Tableau 10 Les lecteurs ayant lu au sein de différents contextes, telle ou telle catégorie de textes d’une façon analytique avec la réalisation de résumé, selon le sexe et le niveau de diplôme des parents
Tableau 10 Les lecteurs ayant lu au sein de différents contextes, telle ou telle catégorie de textes d’une façon analytique avec la réalisation de résumé, selon le sexe et le niveau de diplôme des parents

Selon leurs enseignants, les enquêtés ont été habitués, ou non, à articuler façons de lire analytique et participative au cours de ces exercices. Devant conclure sa fiche de lecture par une appréciation justifiée de l’œuvre, Ophélie apprenait à mettre en adéquation analyse textuelle et expériences lectorales ; en revanche Habiba souligne que la question du goût pour les œuvres n’était pas d’actualité au sein des cours de français :

‘« ([Au bonheur des dames] c’était... lecture chez soi et puis...) ouais ! Résumé... I me semble. A moins que c’était un... peut-être un exposé ça... Ouais, ouais i me semble que c’était un exposé, mais... on avait dû dire pourquoi on avait... Résumer, encore mais... en parlant quoi, résumer et... et dire pourquoi on avait aimé ou... pas » (Ophélie ; père : conseiller en recrutement, niveau bac ; mère : styliste dans l’entreprise paternelle que l’une de ses sœurs a reprise, baccalauréat, propédeutique, diplômée de l’ISIT – traduction –)’ ‘« au collège, i nous demandaient de lire le livre et puis après on faisait un petit test où on nous posait des questions... Enfin... ! Des questions quoi sur le... texte [...] des questions simples au début : ‘Où se passe l’action ?’’ Ou... ‘Le principal personnage...’’. Et puis après... on nous demandait des choses plus compliquées quoi ! Pas précisément des questions, ’fin... ! Suivant l’histoire quoi [...] Et puis i nous demandait un résumé aussi... Et puis voilà... (et i demandait pas votre avis ? [bas :] Ce que vous pensiez... ?) nan... nan nan » (Habiba ; père : maçon, en invalidité depuis l’enfance d’Habiba, école primaire en Algérie ; mère : femme au foyer, école primaire en Algérie)’

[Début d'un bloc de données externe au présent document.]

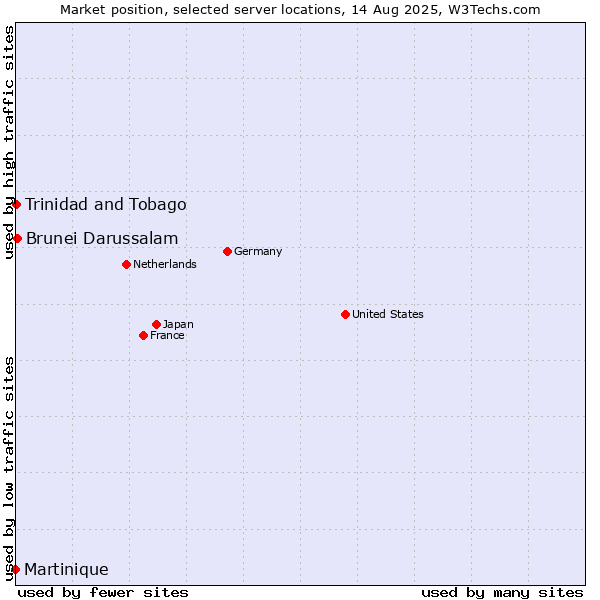 Market position of Brunei Darussalam vs. Trinidad and Tobago vs. Martinique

Olivia se souvient que pour « présenter » L’Ami retrouvé « à la classe », elle avait « fait un résumé » et « expliqué le titre » :

‘« [j’avais dit que] ben c’était... i retrouvait son ami à la fin mort dans une liste mais que c’était bizarre parce que on attendait jusqu’à la dernière page pour se demander quand est-ce qu’il allait le retrouver son ami, et euh... Hou là... ! [exprimant la surprise suscitée par la chute : découverte du nom sur une liste de morts] » (Olivia ; père : architecte, études d’architecture ; mère : femme au foyer, donne des cours particuliers d’espagnol, études supérieures en sciences de l’éducation ; études des parents en Argentine ; elle vit en France depuis qu’elle a 7 ans)’

La plupart des enquêtés ont construit et intériorisé cette façon de lire analytique permettant le repérage des éléments essentiels de la construction textuelle et du sens littéral des textes. Plusieurs traits de leurs réponses en témoignent : d’une part le fait qu’ils qualifient les consignes lectorales de « simples » ; d’autre part le fait que, devenues routines, les grilles de perception des textes, formées scolairement, qui permettent de s’arrêter aux éléments textuels importants scolairement, apparaissent aux enquêtés comme simple bonne mémoire ; enfin, l’aisance même des enquêtés à répondre aux questions de l’enquête, à évoquer sans peine ce que les textes « racontent ».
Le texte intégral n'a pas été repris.